Petrobras involved the failure of an underwater tether chain that connected a buoyancy can to the riser system of the FPSO. These buoyancy cans sit roughly 660 feet below the surface, suspending mid-ocean via the tether chains, and provide support to the risers (which carry oil from seafloor wellheads up to the FPSO) to keep tension in the risers and prevent kinks that would impede the flow of oil. The chain had been manufactured by Vicinay, but included chains with welded-over cracks that failed shortly after installation, causing loss of the buoyancy can support, the ensuing collapse of one of the FPSO’s risers, and hundreds of millions of dollars in property damage and lost production.

The FPSO owners/subrogated insurers sued Vicinay in federal court for negligence, products liability, and breach of warranty, asserting admiralty jurisdiction, and alternatively OCSLA jurisdiction, but did not allege application of Louisiana law (which would apply in the event OCSLA jurisdiction obtained).

Vicinay moved for summary judgment (under admiralty jurisdiction) pursuant to the general maritime law economic loss doctrine established in East River Steamship Corp. v. Delaval, Inc., 476 U.S. 858 (1986) (prohibiting recovery in maritime products liability cases for damage to the product itself). The motion was granted, but owners/underwriters later moved to amend to add Louisiana law claims (which are not governed by the East River rule), asserting for the first time that Louisiana law under OCSLA, and not maritime law under admiralty jurisdiction, applied to the case. The district court denied the motion for leave to amend, and appeals were taken from the summary judgment and denial of the amendment on the basis that Louisiana law alone should apply because OCSLA jurisdiction existed to the exclusion of admiralty jurisdiction.

The Fifth Circuit initially rejected Vicinay’s argument that owners/underwriters had waived any argument for application of Louisiana law by failing to raise it until the eleventh hour after summary judgment under maritime law had already been granted. The court rejected this facially compelling argument on the basis that OCSLA jurisdiction, where it exists, is mandated by the statute, and cannot be waived (or contractually avoided) by the parties. Specifically, the court held that OCSLA jurisdiction, which is non-waivable, is concurrent with OCSLA choice-of-law, which is also non-waivable under long-standing Fifth Circuit jurisprudence.

After rejecting this waiver argument, the court moved on to its analysis of how an incident that occurred literally underwater in the middle of the ocean is not a maritime tort giving rise to admiralty jurisdiction under the dual location/maritime nexus test for maritime tort jurisdiction. See Jerome B. Grubart, Inc. v. Great Lakes Dredge & Dock Co., 513 U.S. 527 (1995). This test considers:

(1) location – whether the incident occurred on navigable waters; and

(2) maritime nexus – whether the incident,

(a) “analyzed at an intermediate level of generality” (a notoriously vague formulation)

(b) affects maritime commerce and/or relates to traditional maritime activity.

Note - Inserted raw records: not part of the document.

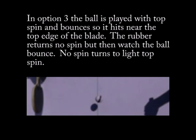In option three, the ball is played with topspin and bounces so it hits near the top edge of the blade. The rubber returns no spin. But then watch the ball bounce — no spin turns to light topspin.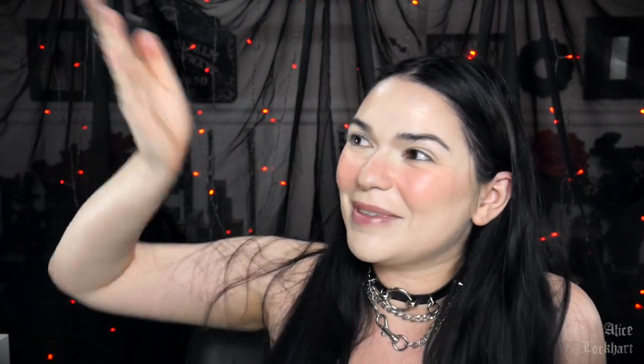Hey guys, how's it going? It's Alice. Welcome back to my channel. I'm wishing y'all an absolutely amazing day. I'm so excited — can you tell I'm excited?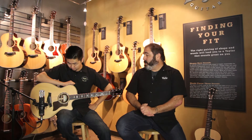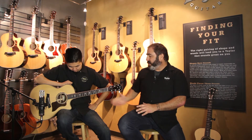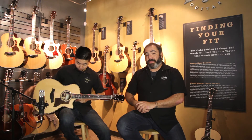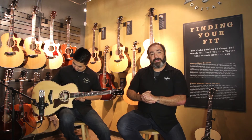On top of that we started using smoky or striped ebony as the fingerboard and we changed our inlay to something that we call the element inlay. We also use a rosewood pickguard and we top it all off with a rosewood purfling around the entire instrument.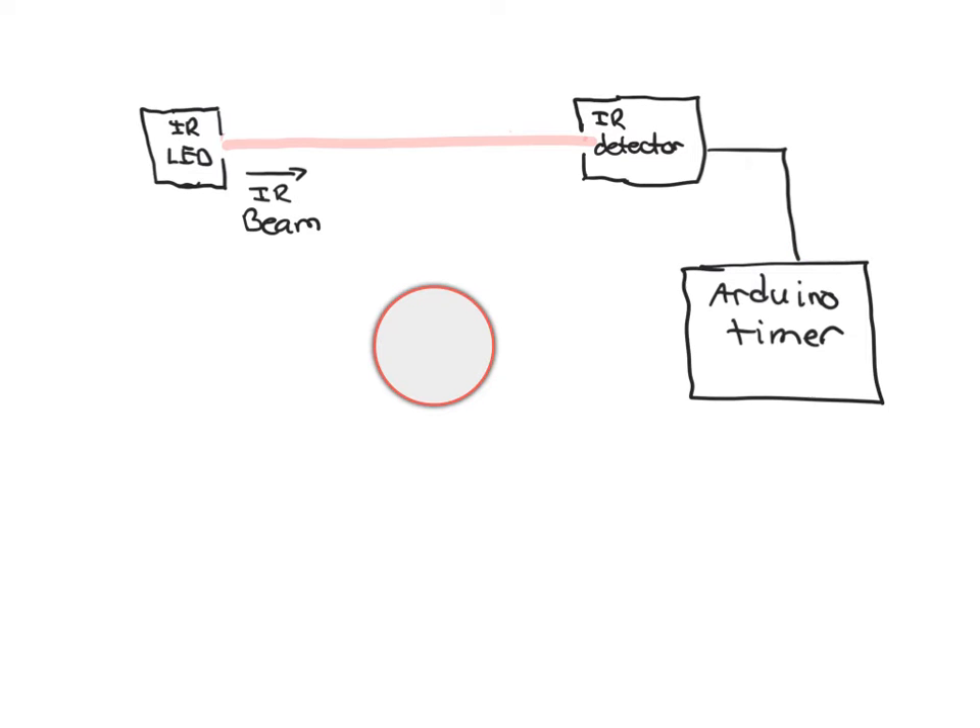The Arduino is running a program, and basically what goes on is the Arduino can sense whether or not the detector is detecting a beam of light. So when the ping-pong ball comes through the gate and blocks the beam, the Arduino can start a timer. When the ping-pong ball finishes traversing the beam, the Arduino senses that and stops the timer, measuring the time from when the ball first blocked the beam to when it stopped blocking. If you know that time and the diameter of the ping-pong ball, you can calculate the speed.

The court first noted owners/underwriters argument that the “location” prong was not met because the riser, chain, and buoyancy can were all “fixed structures erected” on the OCS seabed, such that OCSLA (by its own terms) displaced admiralty law. The court recognized this “significant argument” but then noted the practical countervailing fact that the incident at issue occurred “deep in the waters of the Gulf of Mexico” and “took effect” in the navigable waters of the United States.

In any event, however, the court did not need to decide whether the “location” test was met because it held that the second “maritime nexus” prong was lacking. The court rejected Vicinay’s arguments for maritime nexus based on the proposition (1) that the incident disrupted maritime commerce (due to Petrobras’s shutdown of operations for investigation) and (2) that the riser/buoyancy can/chain system effectively aided the FPSO, which is a vessel, and thus “related to a traditional maritime activity.”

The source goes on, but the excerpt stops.